» ENTRIES PROVIDED:
|---|

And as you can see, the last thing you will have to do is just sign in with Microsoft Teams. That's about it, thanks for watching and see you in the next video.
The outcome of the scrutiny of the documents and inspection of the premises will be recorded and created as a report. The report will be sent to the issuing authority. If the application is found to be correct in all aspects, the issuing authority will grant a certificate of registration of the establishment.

|---|

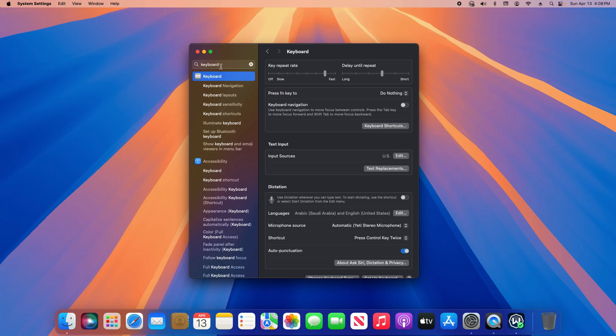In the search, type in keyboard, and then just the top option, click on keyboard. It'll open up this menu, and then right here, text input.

|---|

» ABOUT THIS EXERCISE: Across the whole listing above, tally each line where the string "will" occurs, and give the number and nothing more.

» TASK RESPONSE: 2